Memory Management Serialization Contention Relief (hence, the enhancement) provides performance improvements to the memory management subsystem. It enables workload scaling up to the new z/VM 6.4 maximum supported central storage size of 2 TB.

Spin lock contention in the memory management subsystem has been a barrier to supporting central storage sizes above 1 TB. With z/VM 6.4 extensive changes were made to lock structures resulting in reduced spin lock contention. With these lock structure changes, along with other memory management subsystem changes, IBM measurements demonstrate the ability to scale workloads up to the new z/VM 6.4 maximum supported central storage size of 2 TB.

Background

As systems increase in memory size and number of processors, workloads can grow, putting more demand on the frame manager. The frame manager is the collection of modules in the z/VM memory management subsystem that maintains lists of available frames, manages requests for frames, and coalesces frames as they are returned.

Prior to z/VM 6.4 there were two locks providing serialized access to the lists of available frames: one lock for below-2-GB frames and one lock for above-2-GB frames. Contention for these locks, particularly on the lock for frames above 2 GB (RSA2GLCK), was noticeable with various workloads. This contention was limiting the growth of real memory z/VM could support.

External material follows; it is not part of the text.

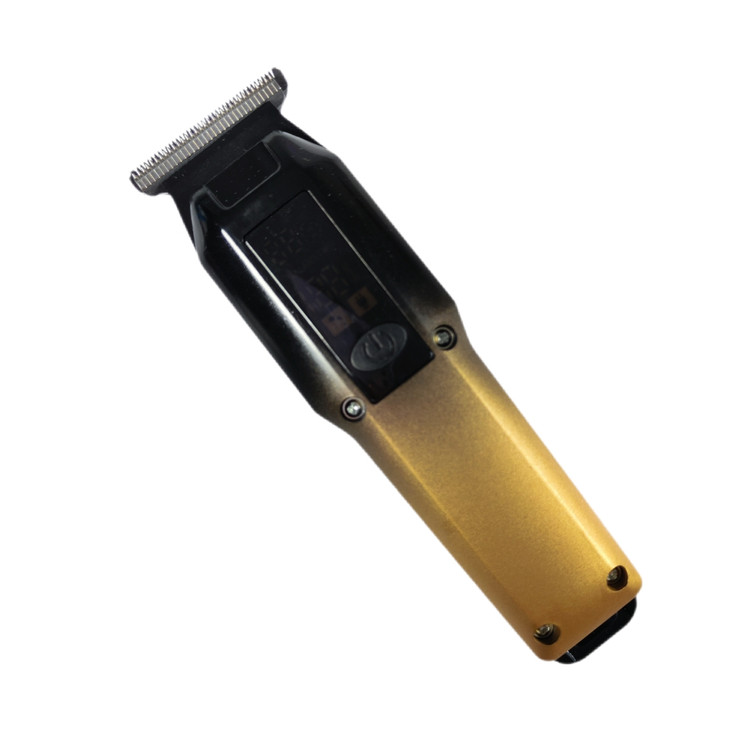 ماشین اصلاح DT16 نمایشگردار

The primary change made in the frame manager for z/VM 6.4 was to organize central storage into available list zones. An available list zone represents a range of central storage, much like the below-2-GB available lists and the above-2-GB available lists represented a range of central storage in prior releases. Management of the available frames within a zone is serialized by a lock unique to that zone. Zone locks are listed as AVZAnnnn and AVZBnnnn in monitor record D0 R23 MRSYTLCK, where nnnn is the zone number. The number and size of zones is determined internally by z/VM and can depend on the maximum potential amount of central storage, the number of attached processors, and whether the zone represents central storage above 2 GB or below 2 GB.

Other improvements to the frame manager include:

The ability to queue frame returns so a task returning a frame is not delayed when the zone lock is not available.

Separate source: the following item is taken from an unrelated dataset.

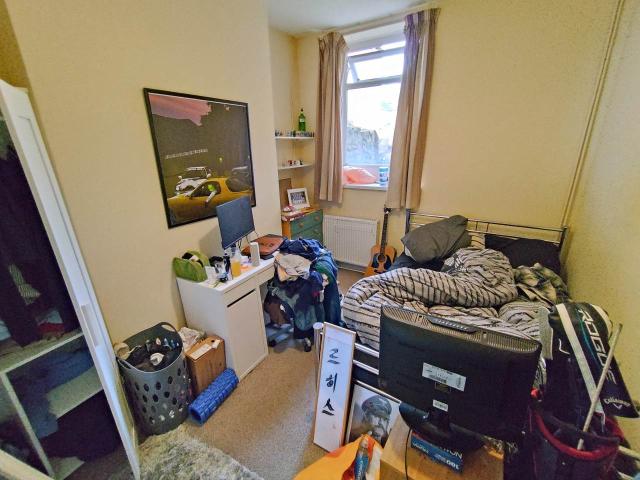 student_apartment for rent in Richard Street Cathays Cardiff CF24 4DB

Improved defer logic which will check the global Invalid But Resident (IBR) aging list for a satisfactory frame before deferring the requestor.

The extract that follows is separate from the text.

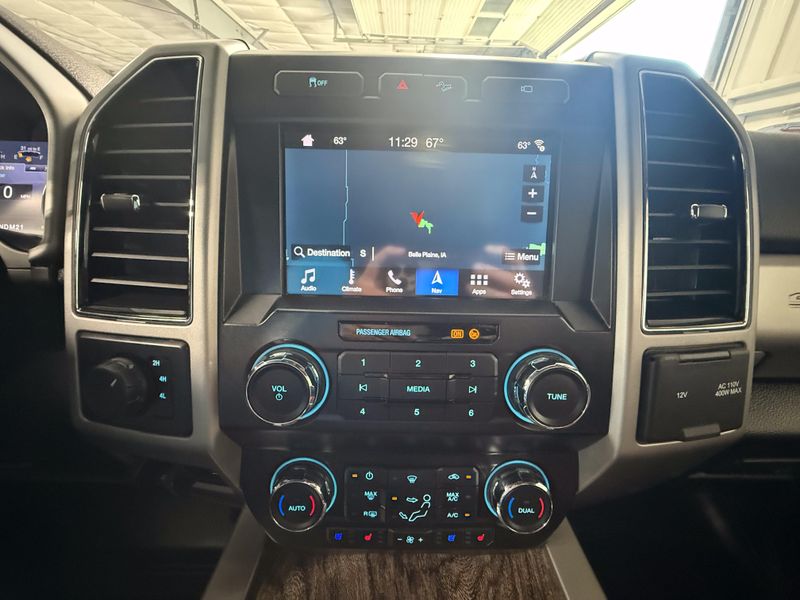 Used 2019 Ford F-350 Image 28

Enhanced available list replenishment logic which can run simultaneously to the global IBR aging list replenishment.

More appropriate thresholds for available frame requests.

Another area where improvements have been made is in Page Table Resource Manager (PTRM) page allocations. In heavy paging environments significant lock contention was observed with a single PTRM address space allocation lock. The contention is now avoided by using CPU address to spread PTRM allocations across the 128 PTRM address spaces.

All of these items combined have enabled a new z/VM 6.4 maximum supported central storage size of 2 TB.

Method

A scan of previous IBM measurements revealed the Sweet Spot Priming workload (which uses the Virtual Storage Exerciser) experienced the highest level of spin lock contention on the available lists locks. Based on that finding the Sweet Spot Priming workload was chosen to measure the effectiveness of the enhancement.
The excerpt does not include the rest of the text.